=== Begin Enclosure ===

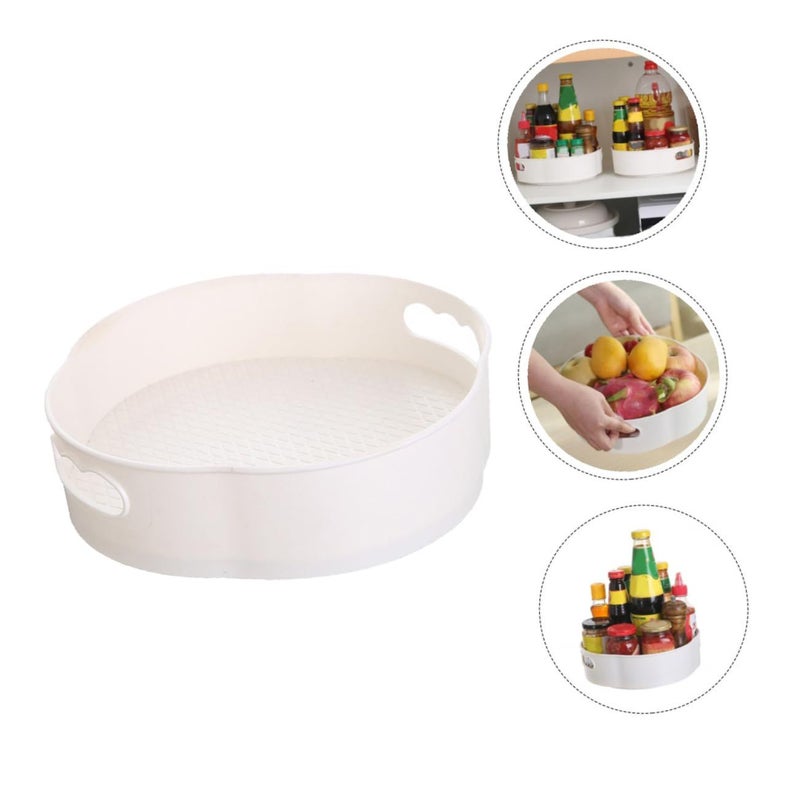 Multi-Function Non-Skid Rotary Storage Box For Kitchen Turntable Organizer 1pc - Image 3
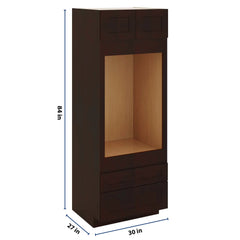J&K Java Coffee S1 Single Oven w/Two (2) Bottom Drawers 30" W x 84" H x 27" D
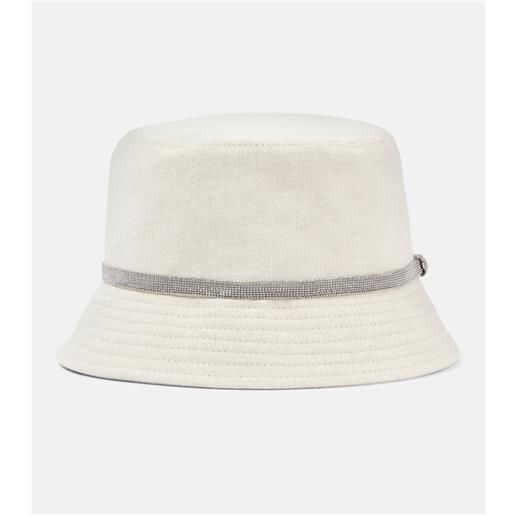 Brunello Cucinelli cappello da pescatore in canvas di lino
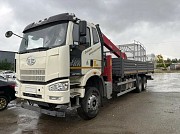 Бортовой автомобиль с КМУ HANGLIM KS2056SM на базовом шасси FAW CA3250, 6х4 Челябинск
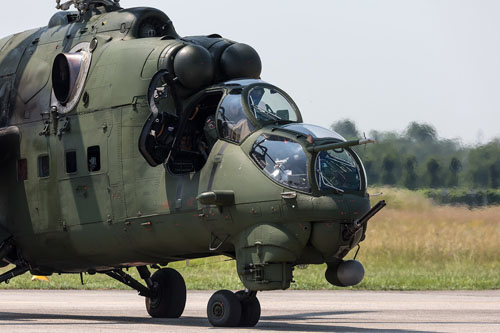 Hélicoptère MI24 Hind polonais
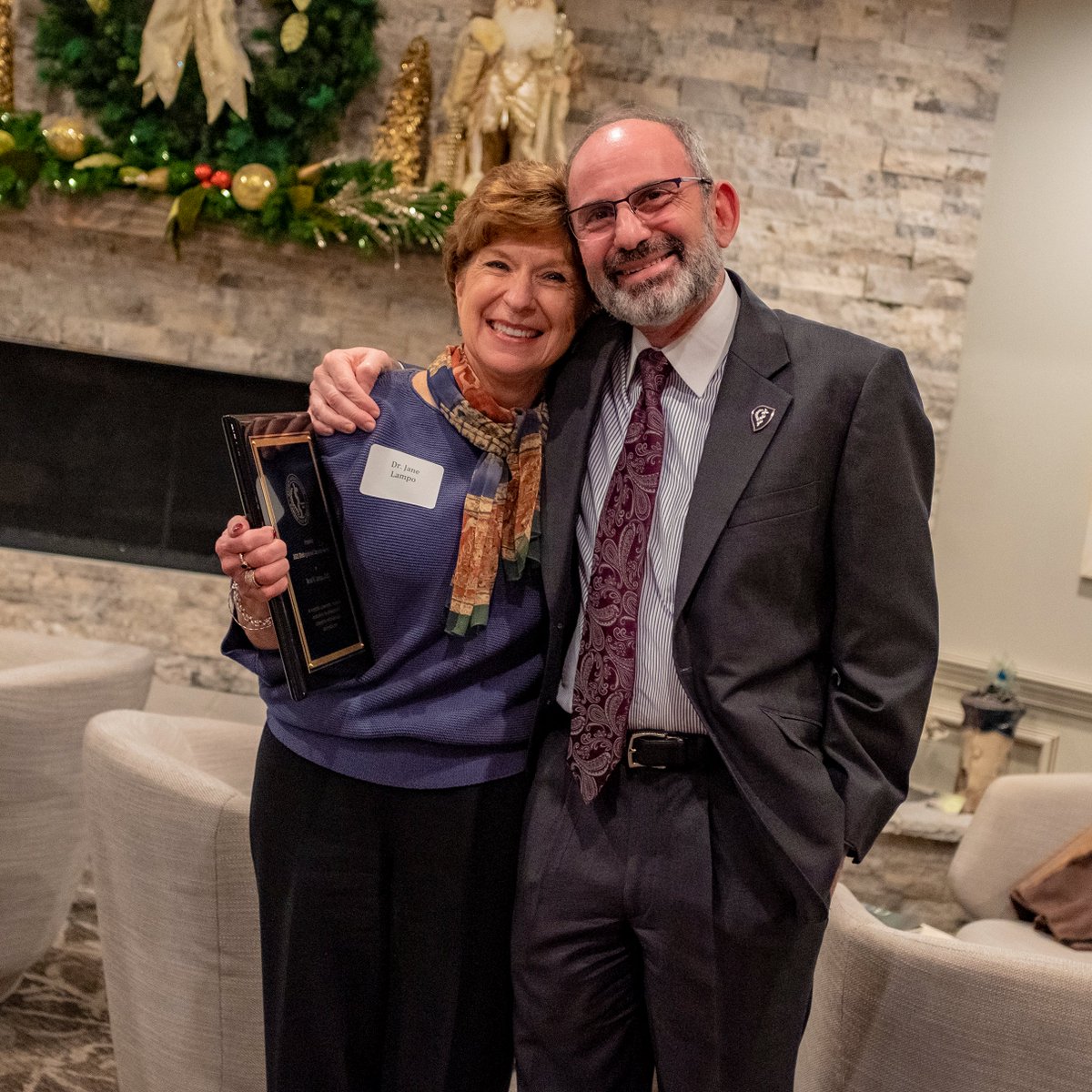 KCUpresident's tweet photo. The Joplin Reg. Med. School Alliance is key in fundraising for the KCU Farber-McIntire Campus – first a med school &amp; now a dental school.
We gathered to celebrate these efforts by JRMSA, the generous #Joplin community &amp; by @jnlampo, former VP of KCU Philanthropy/Alumni Relations. https://t.co/kXACnWzaAZ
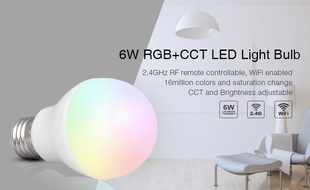 Mi-Light LED žárovka RGB+CCT | 6W | E27 |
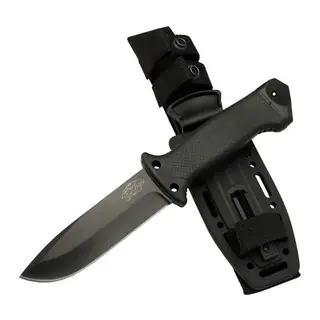 Tiger Tactical Htm 3321 A Siyah Outdoor / Survival Bıçak 27cm - Kauçuk Sap, Kılıflı, Kutulu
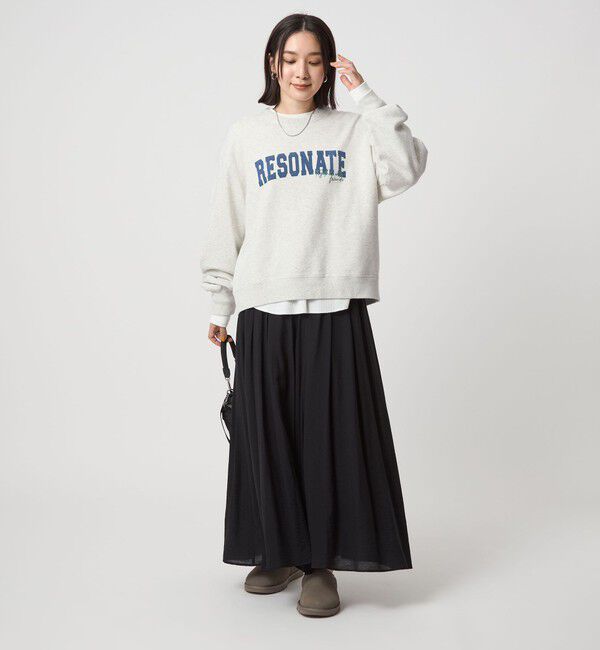 UNITED ARROWS green label relaxing「【WEB限定】＜at ease＞ロゴ スウェット プルオーバー」|スウェット・ジャージ|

=== End Enclosure ===

INSTRUCTIONS FOR THE TASK: Copy each entry exactly, with no pictures.

ANSWER SPACE:
 Multi-Function Non-Skid Rotary Storage Box For Kitchen Turntable Organizer 1pc - Image 3
J&K Java Coffee S1 Single Oven w/Two (2) Bottom Drawers 30" W x 84" H x 27" D
 Brunello Cucinelli cappello da pescatore in canvas di lino
 Бортовой автомобиль с КМУ HANGLIM KS2056SM на базовом шасси FAW CA3250, 6х4 Челябинск
 Hélicoptère MI24 Hind polonais
 KCUpresident's tweet photo. The Joplin Reg. Med. School Alliance is key in fundraising for the KCU Farber-McIntire Campus – first a med school &amp; now a dental school.
We gathered to celebrate these efforts by JRMSA, the generous #Joplin community &amp; by @jnlampo, former VP of KCU Philanthropy/Alumni Relations. https://t.co/kXACnWzaAZ
 Mi-Light LED žárovka RGB+CCT | 6W | E27 |
 Tiger Tactical Htm 3321 A Siyah Outdoor / Survival Bıçak 27cm - Kauçuk Sap, Kılıflı, Kutulu
 UNITED ARROWS green label relaxing「【WEB限定】＜at ease＞ロゴ スウェット プルオーバー」|スウェット・ジャージ|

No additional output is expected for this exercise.